Apply an Equity Lens

An especially good primer on diversity and equity can be found in Dowd and Bensimon (2015). The book focuses on what it means to shift from a diversity focus to an equity focus using the Equity Scorecard approach. While diversity focuses on the number of groups represented or changes overtime, an equity perspectives focuses on the processes, systems, and the roots of inequity. Being equity minded entails noticing societal inequities and understanding inequity as an institutional dysfunction of structures, policy, and practices followed by taking action to eliminate those inequities. Many institutions are seriously engaged in creating a truly equitable and inclusive educational environment across the entire campus community. If this is the case at your institution, you should be able to draw upon local experience and guidance to help you undertake a project to promote student success and to facilitate new kinds of student outcomes. You may also have access to some financial and technical support. Whether your institution has a larger, comprehensive approach or not, there will surely be some expertise on the faculty and in the support units that you can identify and tap into.

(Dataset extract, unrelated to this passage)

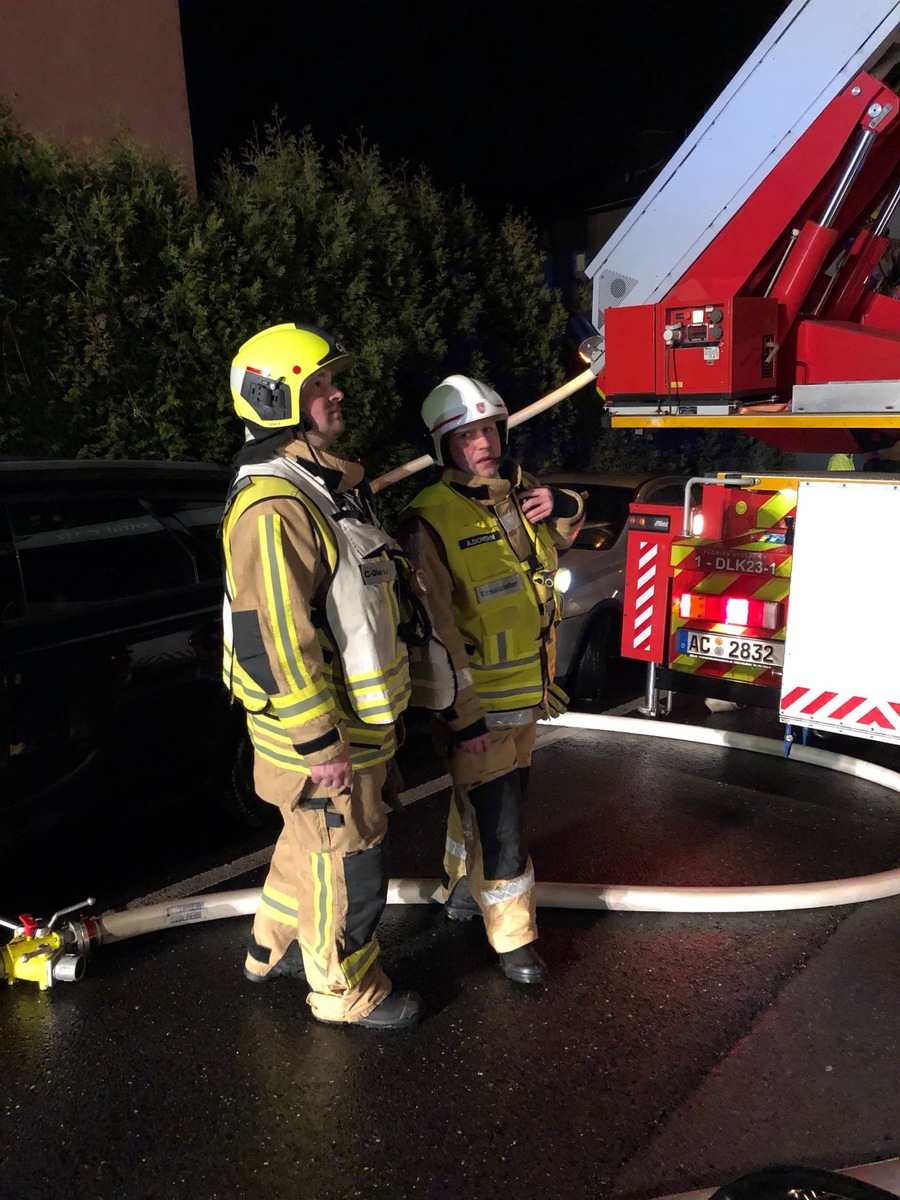 FW-Stolberg: Dachstuhlbrand in voller Ausdehnung -  fünf verletzte Personen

As Dowd and Bensimon (2015, p. 98) make clear, "developing the capacity to observe and notice problems, including problems of racial inequities, is a necessary step in any inquiry process." As a campus community undertakes the challenging task of examining its own values and assumptions, a key concept is that beliefs play a critical role in enabling change. It also matters what language we use to describe our work. As Eckel et al (1999) point out, it is important to frame issues carefully.

"For a change to succeed, it has to make sense to those who will implement it, and at the same time, it has to challenge values and practices that are no longer working. Well-articulated change agendas reinforce and reflect what is important to the institution and its sense of itself while pushing the institutional 'comfort zone.'" (p. 37)

Exercise: How does your campus community talk about diversity, equity, and inclusion and what efforts are underway to promote success for all students?

Consider the following questions:

  • Has your campus chosen to use an equity lens to create your campus strategic plan, to set goals?
  • Has your institution employed an equity scorecard approach to study the impact of your campus culture, policies and procedures on different members of your campus community?
  • Who are your students today? What do you know about their interests, the knowledge and experience they bring to their education and the factors in their lives that affect how they manage their education?
  • What efforts is your campus making to generate insights into how your institutional policies and the nature of your curriculum and your expectations for your students contribute to the racial and socioeconomic disparities in participation and outcomes that you see on your campus?
  • What actions are being taken to address those disparities and what assumptions and values underlie those efforts? What lessons can you draw from those efforts that you can apply to your efforts and who can you approach to get advice and support?


Dowd, Alicia C. and Estela Mara Bensimon (2015). Engaging the ''Race Question'': Accountability and Equity in U.S. Higher Education. New York: Teachers College Press. 208 pages.

Eckel, Peter, Madeleine Green, Barbara Hill and William Mallon (1999) On Change III. Taking Charge of Change. A Primer for Colleges and Universities. American Council on Education.